10月11日までに4社からの申請が出そろった2.5GHz帯を利用する特定基地局の開設計画の認定申請。総務省は最大30MHzの帯域を、2つの法人もしくは団体に対して割り当てる方針なので、今後はオープンワイヤレスネットワーク、ワイヤレスブロードバンド企画、アッカ・ワイヤレス、ウィルコムの4社の提案を比較検討の上、免許交付にふさわしいものを選ぶことになる。
この4社のうち、モバイルWiMAX陣営の3社は、総務省が3G携帯電話事業者が3分の1以上の議決権を持つ企業を選定の対象外とする方針を決めたことから、さまざまな企業の連合体となっているのは既報の通りだ。オープンワイヤレスネットワークは8社、ワイヤレスブロードバンド企画は6社、アッカ・ワイヤレスは16社が出資している。
この出資者の面々をよく見てみると、実は複数の陣営に顔を出している企業がいくつもある。直接出資していなくても、出資会社に出資している場合などもあり、免許を取得する陣営がどこになるかで、さらなる合従連衡が起こりそうな複雑な利害関係が見て取れる。
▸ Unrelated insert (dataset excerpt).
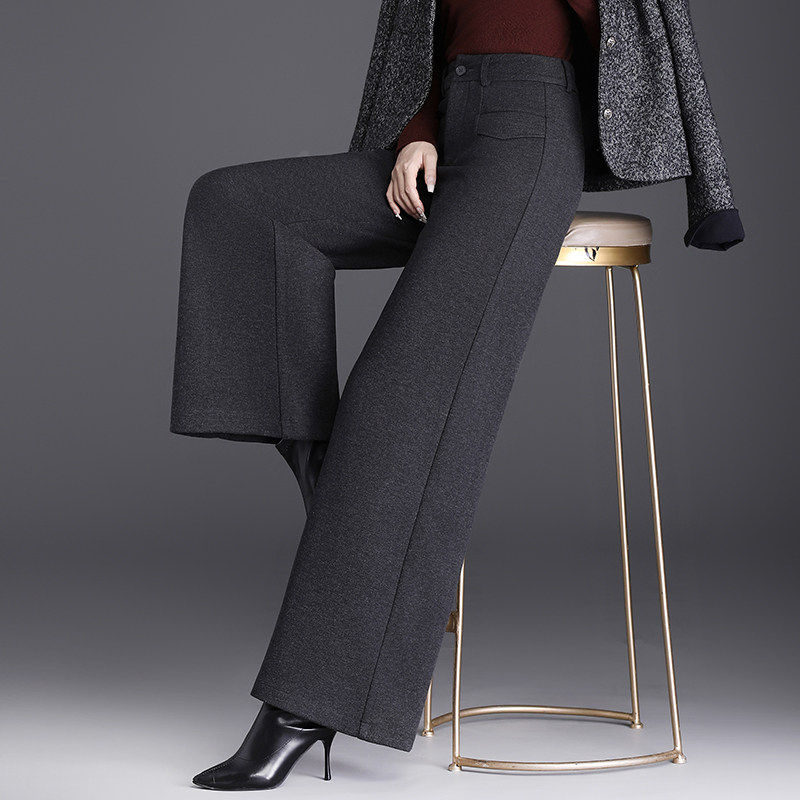 灰色毛呢阔腿裤女冬季爆款宽松垂感直筒长裤小个子妈妈加厚休闲裤,女装/女士精品,休闲裤,淘宝优惠券,粉丝福利购,淘宝优惠卷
オープンワイヤレスネットワーク | ワイヤレスブロードバンド企画 | アッカ・ワイヤレス | |
---|---|---|---|
出資企業 | イー・アクセス ソフトバンク ゴールドマン・サックス テマセク・ホールディングス NECビッグローブ ソネットエンタテインメント ニフティ フリービット |
KDDI インテル キャピタル JR東日本 京セラ 大和証券グループ本社 三菱東京UFJ銀行 |
アッカ・ネットワークス NTTドコモ JPモルガン証券 Ignite Group Doll Capital Management アイテック阪急阪神 京浜急行電鉄 朝日ネット NECビッグローブ ソネットエンタテインメント ニフティ フリービット YRP事業開発研究所 |
インターネットサービスプロバイダー(ISP)各社は、モバイルWiMAXの活用に積極的で、特にNECビッグローブ、ソネットエンタテインメント、ニフティ、フリービットの4社は、オープンワイヤレスネットワークとアッカ・ワイヤレスの両方に出資する形で関わっているのが目に付く。
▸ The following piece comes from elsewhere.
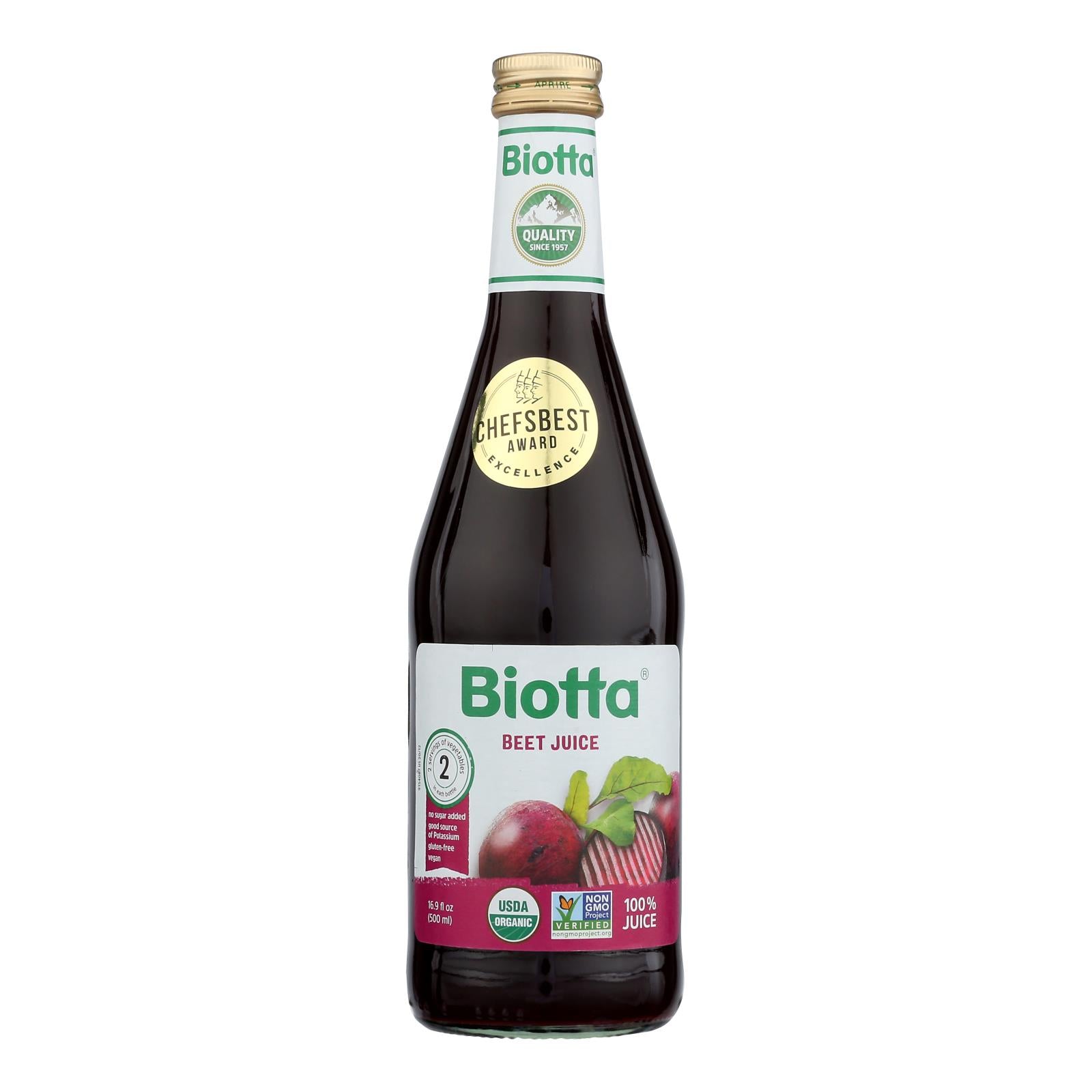 Biotta Organic Juice - Beet Root - Case of 6 - 16.9 Fl oz.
フリービット代表取締役副社長 CFOの田中伸明氏はアッカ・ワイヤレスの会見で「我々IPSはADSLなどと同様に、インフラ部分の直接の事業展開をしていないので、モバイルWiMAXというすばらしい可能性を秘めたサービスに全力で協力したいと思っているから」だと複数陣営に参加する理由を説明。NECビッグローブやソネットエンタテインメント、ニフティも「光やADSLでいろいろな事業者と提携してきたように、WiMAXでも提携をしたい」(NECビッグローブ執行役員の古関義幸氏)、「MVNOをやることが目的。なんとしても免許を取得してほしいから」(ソネットエンタテインメント代表取締役社長の吉田憲一郎氏)、「ユーザーの利便性が最優先。チャンスがある限りあらゆる選択肢を模索する」(ニフティ取締役常務執行役員の小栗清剛氏)などと説明した。
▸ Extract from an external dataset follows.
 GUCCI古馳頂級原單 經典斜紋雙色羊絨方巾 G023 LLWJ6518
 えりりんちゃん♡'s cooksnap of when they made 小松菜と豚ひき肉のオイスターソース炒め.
ちなみに朝日ネットはアッカ・ワイヤレス陣営にのみ参加しており、出資比率・金額も他のISPよりも多い。逆にワイヤレスブロードバンド企画にはISPが名を連ねていないが、10月11日の免許申請後、報道陣の質問に答えた代表取締役社長の田中孝司氏が「ISP各社からはオープンでやるので、排他ではないと聞いている」と話しており、ワイヤレスブロードバンド企画が免許を取得すれば、こちらとも協業することになるようだ。
ISP | オープンワイヤレスネットワーク | ワイヤレスブロードバンド企画 | アッカ・ワイヤレス |
---|---|---|---|
朝日ネット | − | − | 5億円 |
NECビッグローブ | 5000万円 | − | 5000万円 |
ソネットエンタテインメント | 5000万円 | − | 5000万円 |
ニフティ | 5000万円 | − | 5000万円 |
フリービット | 5000万円 | − | 5000万円 |
比較的分かりやすいISPのほかにも、じつは複数陣営に関与している企業がある。特にアッカ・ネットワークスには、多くの企業が出資していることもあって、アッカ・ワイヤレスの陣容はとてもフクザツだ。
社名 | 持ち株比率 |
---|---|
NTTコミュニケーションズ | 14.7% |
イー・アクセス | 10.42% |
三井物産 | 10.3% |
イグナイトBB投資事業有限責任組合 | 5.0% |
大和証券グループ本社 | 3.82% |
IT2000投資事業有限責任組合 | 3.16% |
ノーザン トラスト カンパニー エイブイエフシー リ フィデリティ ファンズ | 2.14% |
日本電気 | 1.24% |
富士通 | 1.24% |
まず1つ興味深いのがイー・アクセスだ。同社はアッカ・ネットワークスの10.89%の株式を持つ第2位株主なのである。イー・アクセスは、もともとアッカ・ネットワークスの株式を4.24%保有する第3位株主だったが、「純投資目的」で2006年8月に追加取得している。10%以上の株式を持つイー・アクセスには、アッカ・ネットワークスの帳簿閲覧権があるほか、株主総会開催請求、取締役解任請求もできるわけだ。
また大和証券グループ本社も、同じ名前をワイヤレスブロードバンド企画の出資会社の中に見ることができる。とはいえ金融機関は投資という目的があるので、細かなところまで洗い出すとキリがないだろう。
ちなみにアッカ・ワイヤレスに出資しているTBSや三井物産は、イー・アクセスの子会社、イー・モバイルに資本参加していたりする。直接の影響はないが、両社が無線通信事業に強い関心を持っていることは間違いない。